§ **PROBLEM TO WORK ON**: Once the records below have been read, copy them all out exactly.

§ **DATASET ENTRIES**:
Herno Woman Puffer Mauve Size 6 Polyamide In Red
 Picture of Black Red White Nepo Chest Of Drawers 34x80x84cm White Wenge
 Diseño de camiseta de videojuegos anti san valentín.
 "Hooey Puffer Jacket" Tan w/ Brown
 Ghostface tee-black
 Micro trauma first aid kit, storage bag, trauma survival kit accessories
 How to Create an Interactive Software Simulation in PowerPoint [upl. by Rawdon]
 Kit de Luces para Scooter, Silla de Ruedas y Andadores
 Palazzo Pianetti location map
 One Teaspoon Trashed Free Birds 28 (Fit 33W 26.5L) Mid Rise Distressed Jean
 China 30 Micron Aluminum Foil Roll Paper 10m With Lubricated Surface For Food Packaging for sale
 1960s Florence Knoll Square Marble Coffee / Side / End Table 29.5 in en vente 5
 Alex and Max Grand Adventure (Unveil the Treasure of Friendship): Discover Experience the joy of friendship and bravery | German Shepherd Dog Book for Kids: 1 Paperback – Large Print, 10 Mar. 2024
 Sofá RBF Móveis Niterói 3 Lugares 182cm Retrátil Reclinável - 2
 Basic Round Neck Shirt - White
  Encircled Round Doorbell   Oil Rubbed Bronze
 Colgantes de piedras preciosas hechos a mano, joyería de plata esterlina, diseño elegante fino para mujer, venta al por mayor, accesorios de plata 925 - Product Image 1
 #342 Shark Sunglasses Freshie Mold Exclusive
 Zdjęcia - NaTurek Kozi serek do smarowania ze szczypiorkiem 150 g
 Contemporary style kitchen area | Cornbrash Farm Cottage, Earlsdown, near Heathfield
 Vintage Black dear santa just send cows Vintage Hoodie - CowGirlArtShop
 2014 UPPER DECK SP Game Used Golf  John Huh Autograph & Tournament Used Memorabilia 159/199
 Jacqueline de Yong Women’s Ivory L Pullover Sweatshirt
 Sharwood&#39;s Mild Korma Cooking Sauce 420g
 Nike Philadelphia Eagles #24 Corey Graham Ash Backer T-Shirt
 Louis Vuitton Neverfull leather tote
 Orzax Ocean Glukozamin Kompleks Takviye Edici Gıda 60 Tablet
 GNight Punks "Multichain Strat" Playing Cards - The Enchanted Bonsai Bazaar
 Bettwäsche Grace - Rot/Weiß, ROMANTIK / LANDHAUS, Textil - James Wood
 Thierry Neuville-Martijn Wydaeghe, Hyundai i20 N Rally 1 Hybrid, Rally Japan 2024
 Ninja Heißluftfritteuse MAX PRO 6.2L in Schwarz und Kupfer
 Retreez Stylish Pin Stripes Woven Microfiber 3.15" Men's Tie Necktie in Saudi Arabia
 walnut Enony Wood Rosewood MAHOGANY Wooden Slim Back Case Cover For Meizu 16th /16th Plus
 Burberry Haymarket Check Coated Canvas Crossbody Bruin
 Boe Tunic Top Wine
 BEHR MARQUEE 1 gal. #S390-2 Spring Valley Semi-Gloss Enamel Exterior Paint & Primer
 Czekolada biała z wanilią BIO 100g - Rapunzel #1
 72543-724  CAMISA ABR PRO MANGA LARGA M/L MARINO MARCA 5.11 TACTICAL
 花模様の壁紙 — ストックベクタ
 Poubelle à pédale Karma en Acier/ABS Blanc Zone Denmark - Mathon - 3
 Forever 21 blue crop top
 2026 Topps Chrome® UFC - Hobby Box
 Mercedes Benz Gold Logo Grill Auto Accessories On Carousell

§ **COMPLETED TASK**:
Herno Woman Puffer Mauve Size 6 Polyamide In Red
 Picture of Black Red White Nepo Chest Of Drawers 34x80x84cm White Wenge
 Diseño de camiseta de videojuegos anti san valentín.
 "Hooey Puffer Jacket" Tan w/ Brown
 Ghostface tee-black
 Micro trauma first aid kit, storage bag, trauma survival kit accessories
 How to Create an Interactive Software Simulation in PowerPoint [upl. by Rawdon]
 Kit de Luces para Scooter, Silla de Ruedas y Andadores
 Palazzo Pianetti location map
 One Teaspoon Trashed Free Birds 28 (Fit 33W 26.5L) Mid Rise Distressed Jean
 China 30 Micron Aluminum Foil Roll Paper 10m With Lubricated Surface For Food Packaging for sale
 1960s Florence Knoll Square Marble Coffee / Side / End Table 29.5 in en vente 5
 Alex and Max Grand Adventure (Unveil the Treasure of Friendship): Discover Experience the joy of friendship and bravery | German Shepherd Dog Book for Kids: 1 Paperback – Large Print, 10 Mar. 2024
 Sofá RBF Móveis Niterói 3 Lugares 182cm Retrátil Reclinável - 2
 Basic Round Neck Shirt - White
  Encircled Round Doorbell   Oil Rubbed Bronze
 Colgantes de piedras preciosas hechos a mano, joyería de plata esterlina, diseño elegante fino para mujer, venta al por mayor, accesorios de plata 925 - Product Image 1
 #342 Shark Sunglasses Freshie Mold Exclusive
 Zdjęcia - NaTurek Kozi serek do smarowania ze szczypiorkiem 150 g
 Contemporary style kitchen area | Cornbrash Farm Cottage, Earlsdown, near Heathfield
 Vintage Black dear santa just send cows Vintage Hoodie - CowGirlArtShop
 2014 UPPER DECK SP Game Used Golf  John Huh Autograph & Tournament Used Memorabilia 159/199
 Jacqueline de Yong Women’s Ivory L Pullover Sweatshirt
 Sharwood&#39;s Mild Korma Cooking Sauce 420g
 Nike Philadelphia Eagles #24 Corey Graham Ash Backer T-Shirt
 Louis Vuitton Neverfull leather tote
 Orzax Ocean Glukozamin Kompleks Takviye Edici Gıda 60 Tablet
 GNight Punks "Multichain Strat" Playing Cards - The Enchanted Bonsai Bazaar
 Bettwäsche Grace - Rot/Weiß, ROMANTIK / LANDHAUS, Textil - James Wood
 Thierry Neuville-Martijn Wydaeghe, Hyundai i20 N Rally 1 Hybrid, Rally Japan 2024
 Ninja Heißluftfritteuse MAX PRO 6.2L in Schwarz und Kupfer
 Retreez Stylish Pin Stripes Woven Microfiber 3.15" Men's Tie Necktie in Saudi Arabia
 walnut Enony Wood Rosewood MAHOGANY Wooden Slim Back Case Cover For Meizu 16th /16th Plus
 Burberry Haymarket Check Coated Canvas Crossbody Bruin
 Boe Tunic Top Wine
 BEHR MARQUEE 1 gal. #S390-2 Spring Valley Semi-Gloss Enamel Exterior Paint & Primer
 Czekolada biała z wanilią BIO 100g - Rapunzel #1
 72543-724  CAMISA ABR PRO MANGA LARGA M/L MARINO MARCA 5.11 TACTICAL
 花模様の壁紙 — ストックベクタ
 Poubelle à pédale Karma en Acier/ABS Blanc Zone Denmark - Mathon - 3
 Forever 21 blue crop top
 2026 Topps Chrome® UFC - Hobby Box
 Mercedes Benz Gold Logo Grill Auto Accessories On Carousell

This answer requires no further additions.